Bold action needed to tackle ageing society challenges

A new report from the International Longevity Centre outlines bold new ideas that could be embraced so that the UK can benefit more from our greater longevity after years of inaction.

Woman caring for elderly relative


A new report calls for bold action to capitalise on our greater longevity after years of procrastination and for a Parliamentary Demographic Change Select Committee to be set up to audit the government’s progress.

The report, One hundred not out: A route map for long lives, published today by the International Longevity Centre UK (ILC), also calls for the appointment of a cross-governmental inter-ministerial group focused on future generations, led by a cabinet minister, that reports regularly to Parliament. Its remit would be “to consider demographic change, the implications of technological change and environmental sustainability, over a long-term horizon”.

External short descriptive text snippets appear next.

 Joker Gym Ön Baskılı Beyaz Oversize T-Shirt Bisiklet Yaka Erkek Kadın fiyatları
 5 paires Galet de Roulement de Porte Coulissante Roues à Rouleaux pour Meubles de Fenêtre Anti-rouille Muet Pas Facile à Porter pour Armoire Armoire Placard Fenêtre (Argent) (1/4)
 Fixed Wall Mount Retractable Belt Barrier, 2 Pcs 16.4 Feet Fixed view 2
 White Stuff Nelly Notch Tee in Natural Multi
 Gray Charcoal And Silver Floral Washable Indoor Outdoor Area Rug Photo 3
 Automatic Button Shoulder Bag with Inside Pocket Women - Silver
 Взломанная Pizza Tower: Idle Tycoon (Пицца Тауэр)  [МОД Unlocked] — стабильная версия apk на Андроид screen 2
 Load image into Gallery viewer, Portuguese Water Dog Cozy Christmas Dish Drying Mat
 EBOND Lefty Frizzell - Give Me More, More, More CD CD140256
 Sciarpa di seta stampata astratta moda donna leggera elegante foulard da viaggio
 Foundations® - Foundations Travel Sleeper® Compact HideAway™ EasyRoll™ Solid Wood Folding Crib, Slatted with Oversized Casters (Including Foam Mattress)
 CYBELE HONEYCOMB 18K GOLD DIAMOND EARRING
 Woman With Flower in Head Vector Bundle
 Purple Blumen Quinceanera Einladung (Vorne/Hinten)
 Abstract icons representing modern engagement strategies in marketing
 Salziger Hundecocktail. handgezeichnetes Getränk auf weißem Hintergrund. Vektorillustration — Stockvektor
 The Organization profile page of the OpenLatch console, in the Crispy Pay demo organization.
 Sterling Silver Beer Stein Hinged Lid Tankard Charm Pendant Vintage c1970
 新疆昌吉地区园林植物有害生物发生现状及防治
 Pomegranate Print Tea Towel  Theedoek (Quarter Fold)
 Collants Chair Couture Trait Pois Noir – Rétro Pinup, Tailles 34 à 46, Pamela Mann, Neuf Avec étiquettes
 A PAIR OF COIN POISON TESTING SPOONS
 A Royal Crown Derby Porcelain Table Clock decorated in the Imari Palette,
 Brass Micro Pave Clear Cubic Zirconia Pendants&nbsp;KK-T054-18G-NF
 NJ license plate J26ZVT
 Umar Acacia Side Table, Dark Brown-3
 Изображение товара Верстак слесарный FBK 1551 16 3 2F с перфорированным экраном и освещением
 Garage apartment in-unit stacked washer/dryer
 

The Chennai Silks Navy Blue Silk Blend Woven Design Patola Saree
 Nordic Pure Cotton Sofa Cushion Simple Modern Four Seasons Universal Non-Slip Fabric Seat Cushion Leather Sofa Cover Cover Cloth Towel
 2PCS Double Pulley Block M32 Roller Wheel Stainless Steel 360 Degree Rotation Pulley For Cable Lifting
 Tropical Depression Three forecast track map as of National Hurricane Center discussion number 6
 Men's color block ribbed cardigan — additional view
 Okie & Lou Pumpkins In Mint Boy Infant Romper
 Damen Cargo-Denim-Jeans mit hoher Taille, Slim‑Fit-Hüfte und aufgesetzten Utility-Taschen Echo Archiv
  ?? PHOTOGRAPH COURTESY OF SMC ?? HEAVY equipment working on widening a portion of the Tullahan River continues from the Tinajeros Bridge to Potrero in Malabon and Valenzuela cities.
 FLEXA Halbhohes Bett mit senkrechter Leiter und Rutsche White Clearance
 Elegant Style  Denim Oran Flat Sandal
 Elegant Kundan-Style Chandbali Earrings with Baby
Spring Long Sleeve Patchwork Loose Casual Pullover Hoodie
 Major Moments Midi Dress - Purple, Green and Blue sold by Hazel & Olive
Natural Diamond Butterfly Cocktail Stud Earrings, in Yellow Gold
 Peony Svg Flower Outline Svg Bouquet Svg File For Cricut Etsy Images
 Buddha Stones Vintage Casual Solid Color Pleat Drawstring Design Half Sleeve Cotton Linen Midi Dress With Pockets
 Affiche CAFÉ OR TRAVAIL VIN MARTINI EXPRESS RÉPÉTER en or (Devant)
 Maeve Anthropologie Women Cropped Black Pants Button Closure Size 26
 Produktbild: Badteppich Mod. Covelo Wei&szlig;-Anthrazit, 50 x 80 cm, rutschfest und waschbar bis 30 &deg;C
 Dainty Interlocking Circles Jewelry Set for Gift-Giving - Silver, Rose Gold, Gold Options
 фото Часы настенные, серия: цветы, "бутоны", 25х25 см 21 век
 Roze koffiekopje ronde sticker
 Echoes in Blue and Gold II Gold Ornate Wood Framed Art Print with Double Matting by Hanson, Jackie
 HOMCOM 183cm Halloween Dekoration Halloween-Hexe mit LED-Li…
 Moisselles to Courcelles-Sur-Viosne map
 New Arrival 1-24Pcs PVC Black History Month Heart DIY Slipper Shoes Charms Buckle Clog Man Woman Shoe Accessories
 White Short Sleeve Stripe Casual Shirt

It highlights how society and Government need to rethink and invest more in public policies to ensure a more equitable and healthier lifetime, given life expectancy which was growing for many years has been stalling since 2013 amid growing social inequality.

The report says what is needed is action to promote the benefits of longer lives, to address ageism and to focus on prevention of ill health and poverty throughout people’s lives. It states that “too little modelling of the costs of ageing considers how an increasingly economically active older population could add to economic growth rather than take away from it”.

It sets out wide-ranging ideas for improving health, tackling poverty, building community infrastructure and helping people build relationships and have fun throughout their lives. Among the issues it tackles is work. It cites new research that almost one in ten people (9.54%) aged between 50 and the State Pension Age left work involuntarily in 2023.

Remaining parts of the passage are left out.